------ Available data ------

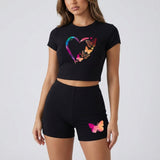 Korte Mouwen Crop Top Set - Blair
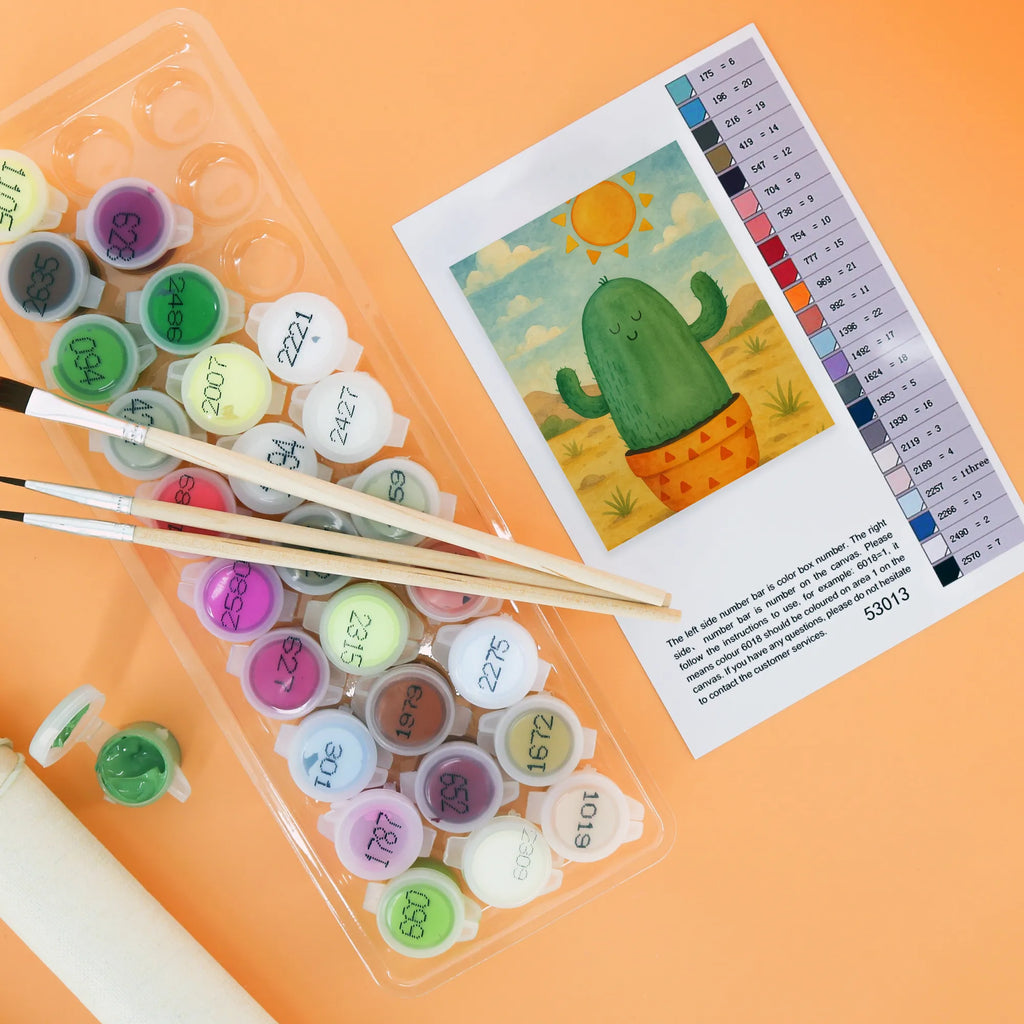 Paint by Numbers cactus Sun Design Malen, DIY, Baseln, Kunstwerk, Ausmalbild, Kreativität, Künstler, Bastelidee, Malen nach Zahlen, Kaktus, Kakteen, Scheidung, Neustart, Trennung, Liebeskummer, Sonnenschein, Ehebruch, Liebe Kaktusliebe, Sonne, Liebeskummer Geschenk, Freundin, Motivation, Glück, glücklich, Geschenkidee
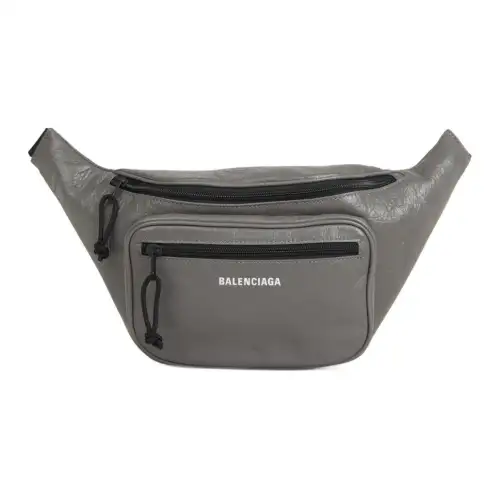 Balenciaga Calfskin Fanny Pack Men's Gray
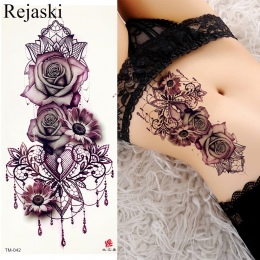 Purpurowa Róża Biżuteria Tatuaż Naklejki Transferu Wody Kobiety Ciało Pierś Art Temporary Tattoo Girl Talia Bransoletka Flash Ta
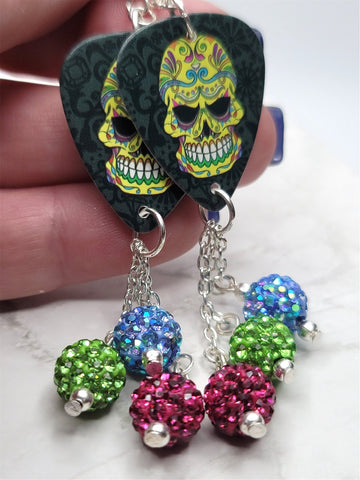 Yellow Colorful Sugar Skull Guitar Pick Earrings with Pave Bead Dangles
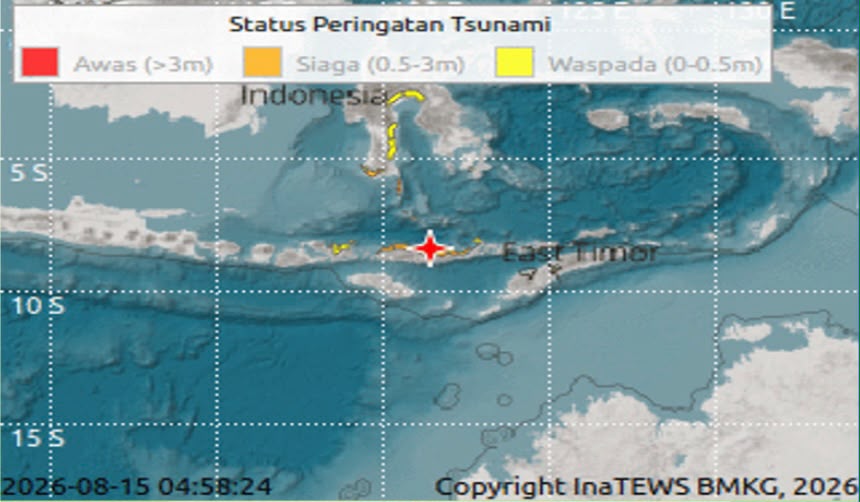BMKG merilis pemutakhiran peta potensi tsunami menyusul gempa yang terjadi baru-baru ini. Titik merah menandai pusat gempa, sementara wilayah berwarna kuning ditetapkan berstatus Waspada tsunami. Tetap tenang dan jauhi area pantai.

------

● **Work item**:
Extract exactly the lines above from the line containing "Yellow Colorful Sugar" through the last one, both ends included, but not the pictures.

● **Response**:
 Yellow Colorful Sugar Skull Guitar Pick Earrings with Pave Bead Dangles
BMKG merilis pemutakhiran peta potensi tsunami menyusul gempa yang terjadi baru-baru ini. Titik merah menandai pusat gempa, sementara wilayah berwarna kuning ditetapkan berstatus Waspada tsunami. Tetap tenang dan jauhi area pantai.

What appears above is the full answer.